More About the Author

I write about many things but my primary focus is on science and skepticism. I believe that our world could be a little better - and a lot less crazy - if more people simply understood how science works and appreciated the protective value of skeptical thinking in everyday life.

I've held numerous positions in the news industry, including editorial writer, world news editor, sports editor, photographer, page designer, and columnist. I'm a veteran travel writer, having visited and written about more than 25 countries on five continents. I have also had some very rewarding jobs teaching history and science to bright kids. My degree is in history and anthropology (University of South Florida). I've won some big awards for my writing, including the WHO (World Health Organization) Award for Health Reporting and the Commonwealth Media Award for Excellence in Journalism, but doubt anyone really cares about that stuff other than my sweet mother.

What I am most proud of in relation to my work is that my writing has touched many people. I receive messages from around the world and it's always rewarding to learn that my words have inspired one more person to think in new ways and become a good skeptic. This is what all my books to date are about: encouraging readers to turn away from the madness in order to live more sensible and honest lives, both for themselves and for the world.

When I'm not staring at a blank computer screen hoping that words will appear, I'm likely to be running, hiking, reading a science or history book, working out at a gym, or teaching critical life lessons to my children via repeated viewings of Star Trek. When normal people are consumed with thoughts about politics, economics, and the Kardashian family, I'm likely to be daydreaming about time travel, the singularity (nerd rapture) ancient Greece, extremophiles, the possibility of extraterrestrial life, and robots.



One of the biggest mistakes we can make in life is to ignore or reject the possibility that we might be dead wrong about something that is very important to us.

Don't do this!

Question everything. Embrace doubt. Second guess conclusions. Be humble; after all you could be wrong. You might be the first perfect person in all of history and prehistory who is incapable of being fooled by the mistakes, lies and delusions of others. But I doubt it. You might be the first ever to rise above and see through all the deceptive quirks, traps and biases that come standard with a human brain. But I doubt it.

What good is it to hold tight to a position against every challenge if that position is in error? The goal is not to avoid ever changing your mind. The goal is to be right, or as close to it as you can be. If you value wisdom and honesty then you ought to value skepticism. Wisdom is recognizing that you don't know everything and can be fooled just like every other human who has ever lived. Wise people change their minds when evidence demands it. Honest people don't pretend to know things that they don't know.

This fundamental error in thinking crops up most often in politics and religion, of course. These two fertile fields of human thought, passion and silliness encourage if not demand that participants sacrifice their ability to think independently. This treasure is given away freely as rigid lines are drawn and feet set in cement. How can something of such value--the ability and the courage to think freely--be sacrificed by so many people with so little reluctance? Why the haste to become one more zombie in the mob? Why no remorse for the loss of so much humanity?

Please do not undervalue your ability to think independently, to grow intellectually over a lifetime, and to always do your best to move closer to truth and reality. The warmth of mindless membership may be appealing at a glance but it's fool's gold.

Change. Grow. Improve. Think and be fully human.

--Guy P. Harrison


Think: Why You Should Question Everything (2013), is a fresh and exciting approach to science, skepticism, and critical thinking.

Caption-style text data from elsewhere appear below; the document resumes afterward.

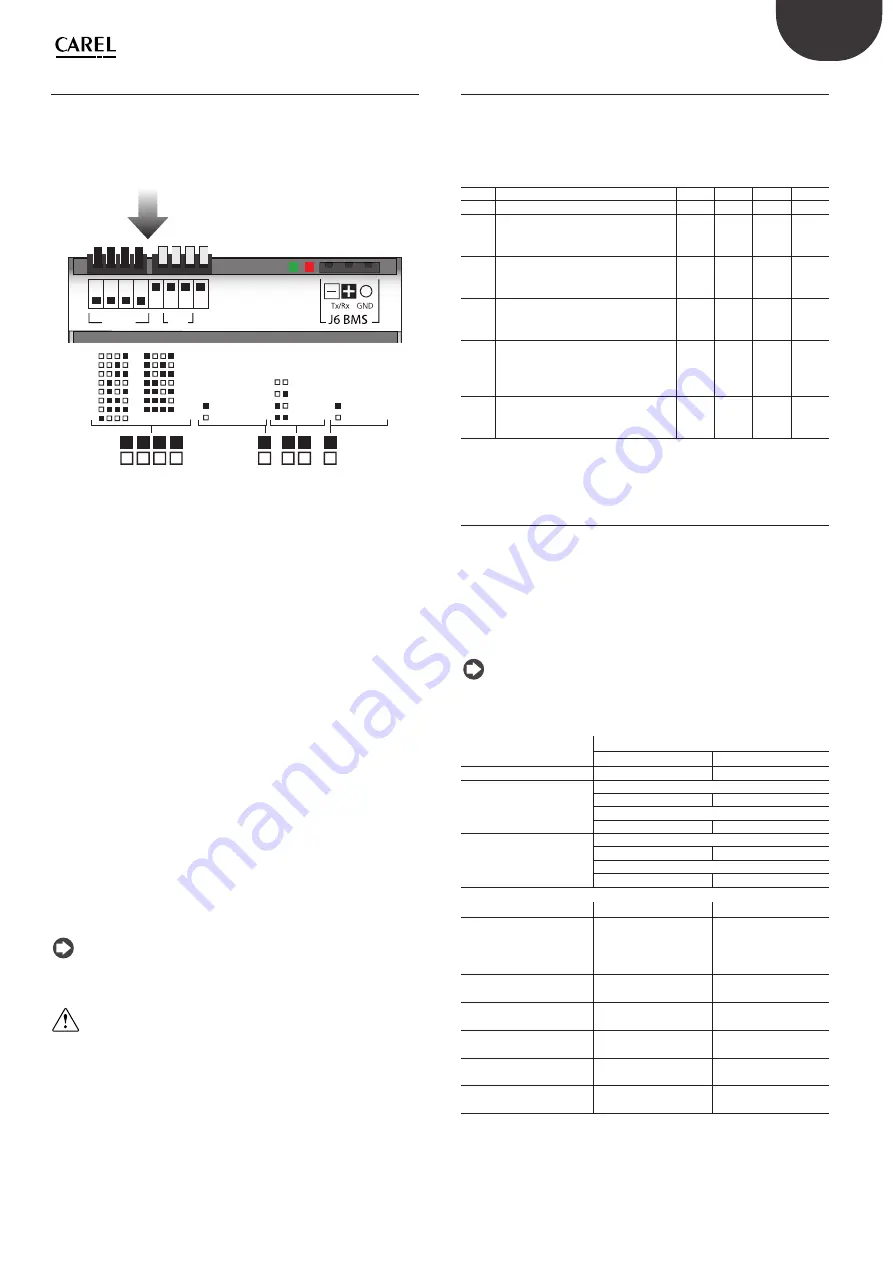 Carel Ultra 3PH User Manual Download Page 9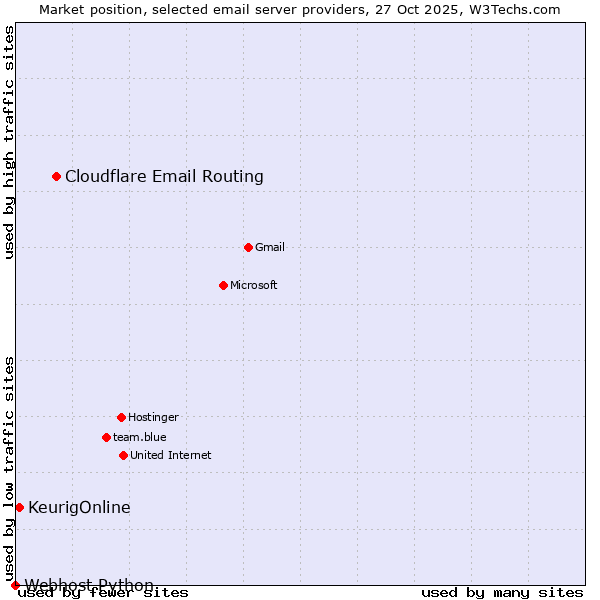 Market position of Cloudflare Email Routing vs. KeurigOnline vs. Webhost Python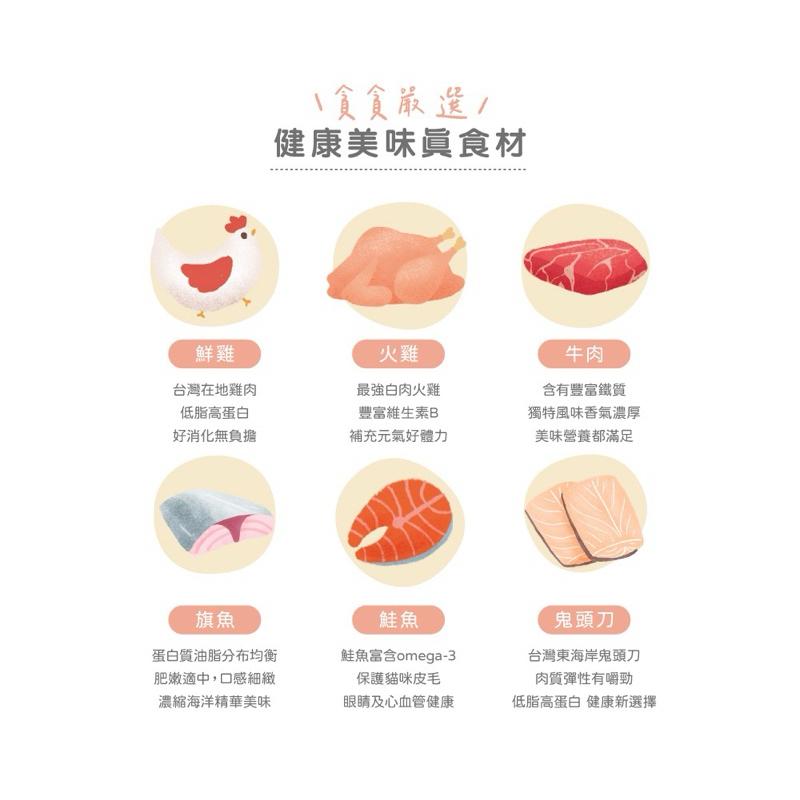 《愛吃鬼阿麥》貪貪 肉絲機能主食罐 80g 主食罐 肉絲罐 成貓罐 幼貓罐-細節圖4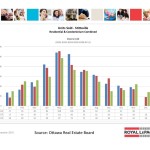 ottawa real estate board oreb mls statistics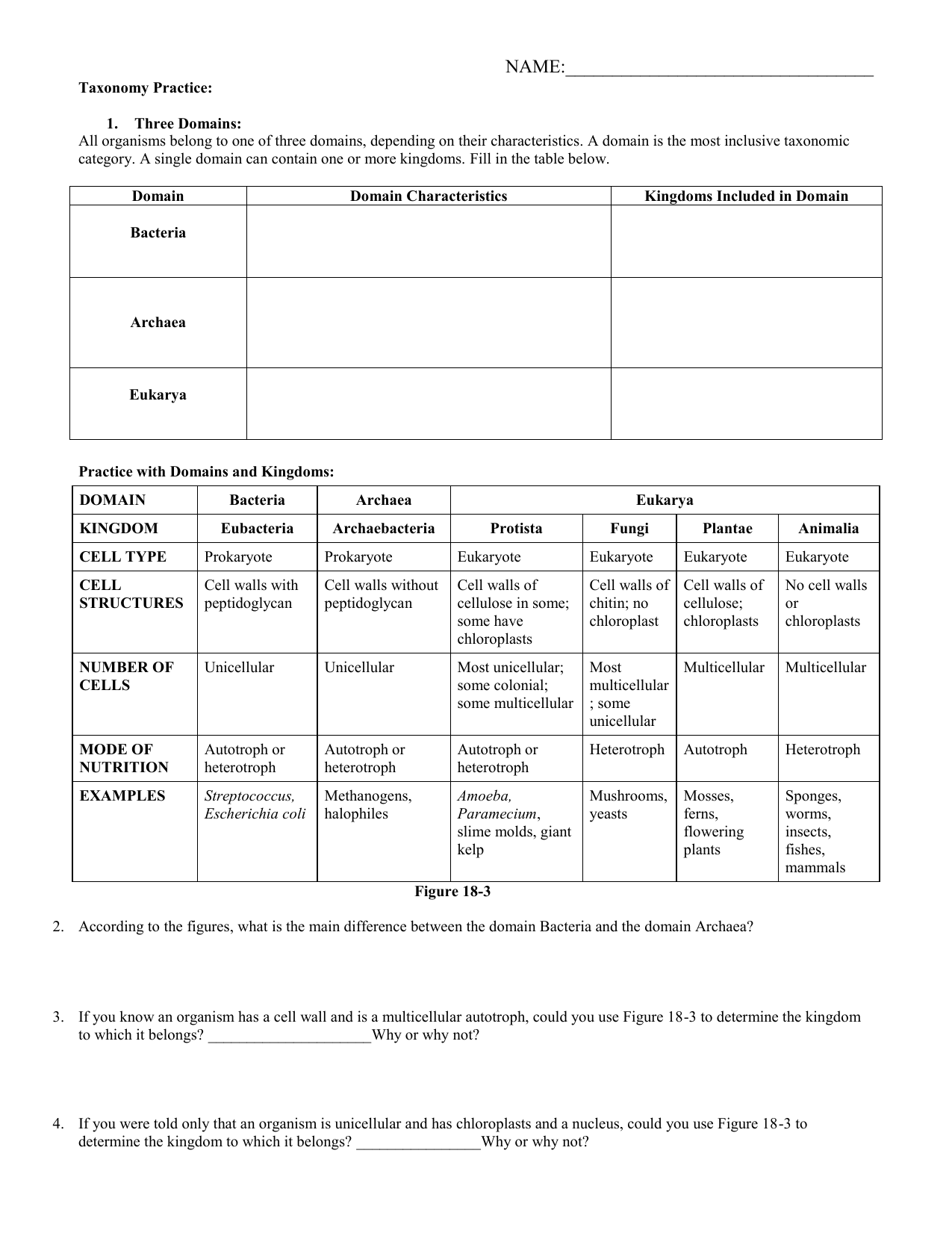 Domains Kingdoms and Classification 11-11 Inside Domains And Kingdoms Worksheet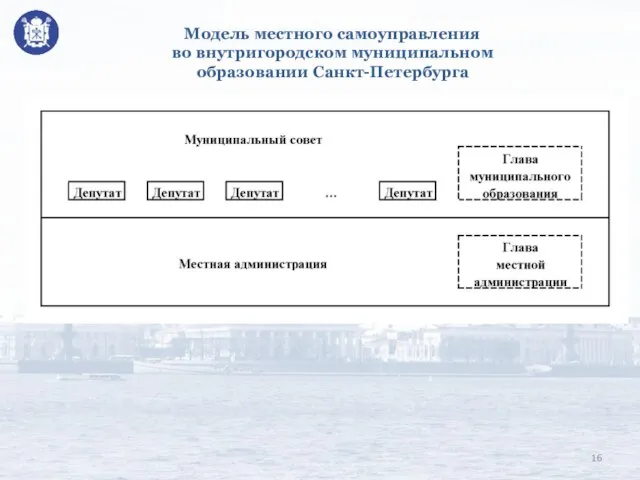 Модель местного самоуправления во внутригородском муниципальном образовании Санкт-Петербурга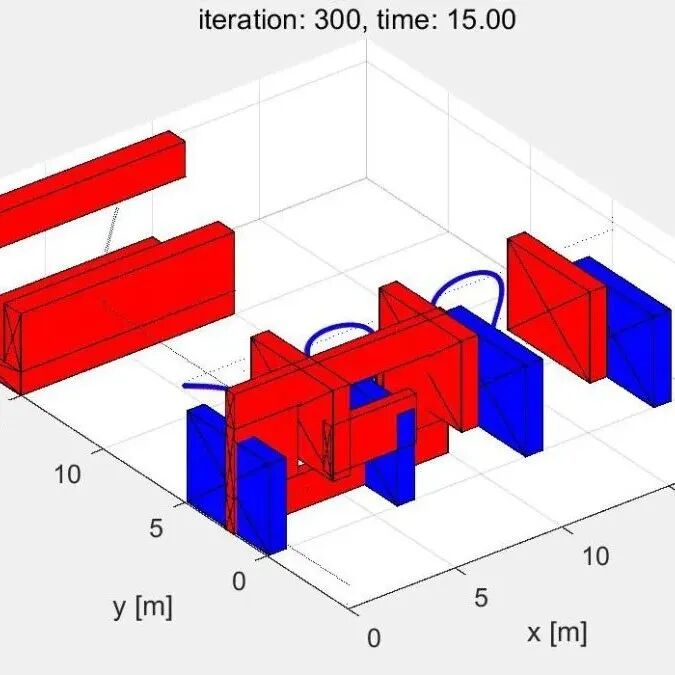 MATLAB | Multi-UAV Path Planning Based on Deep Reinforcement Learning for Edge Computing Networks
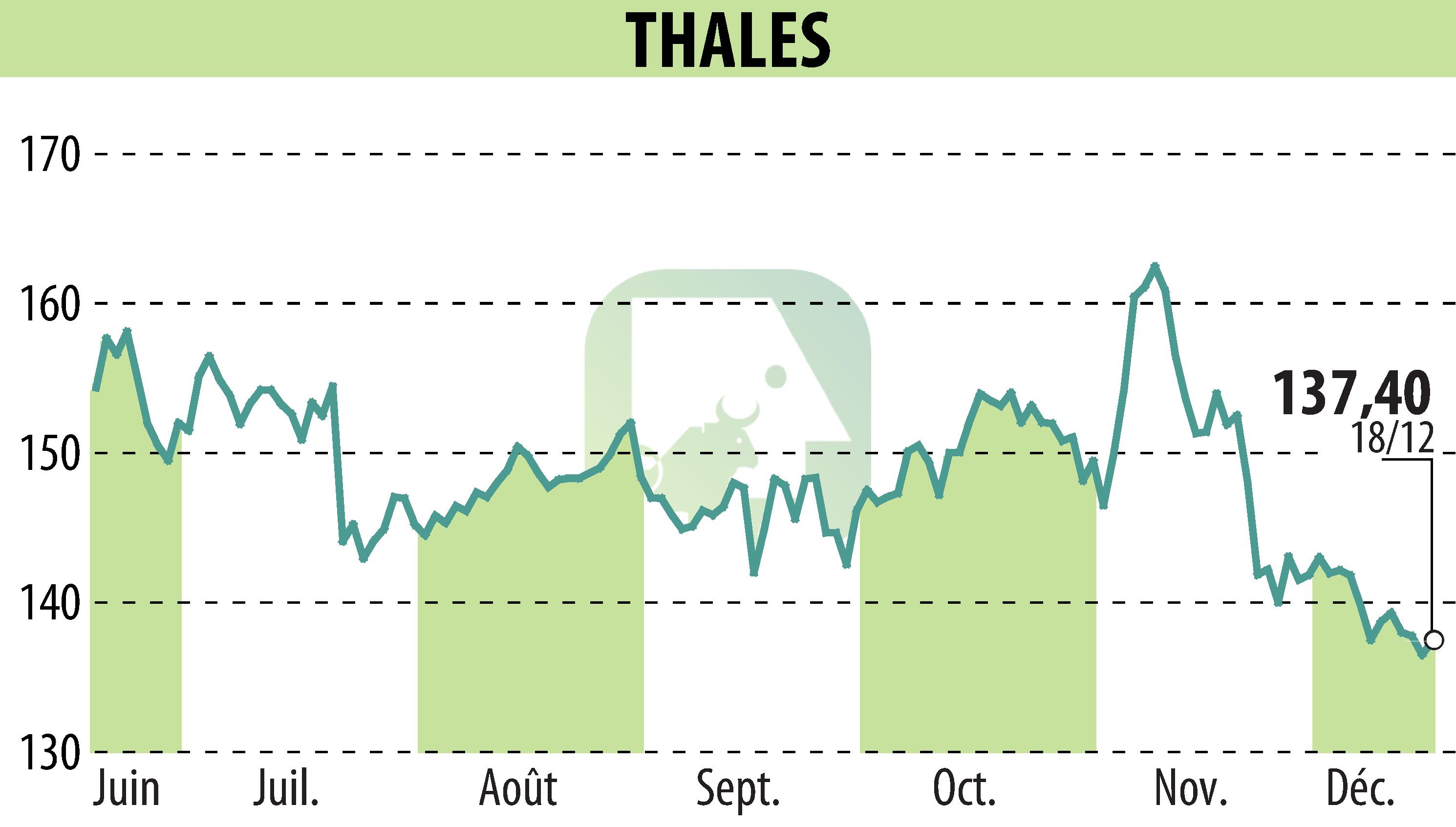 Stock price chart of THALES (EPA:HO) showing fluctuations.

My aim is to enlighten and inspire readers of all ages. This book challenges everyone to think like a scientist and embrace the skeptical life. If you want to improve your critical thinking skills, see through most scams at first glance, and learn how your own brain can trip you up, this is the book for you. Think shows you how to better navigate through the maze of biases and traps that are standard features of every human brain. These innate pitfalls threaten to trick us into seeing, hearing, thinking, remembering, and believing things that are not real or true. It will help you trim away the nonsense, deflect bad ideas, and keep both feet firmly planted in reality. It really is in everyone's best interest to question everything. My brand of skepticism is constructive and optimistic. It's a way of life that anyone can embrace. An antidote to nonsense, quackery, and delusion, this accessible guide to critical thinking is the perfect book for anyone seeking a jolt of inspiration. It also includes great illustration by worldclass artist Kevin Hand.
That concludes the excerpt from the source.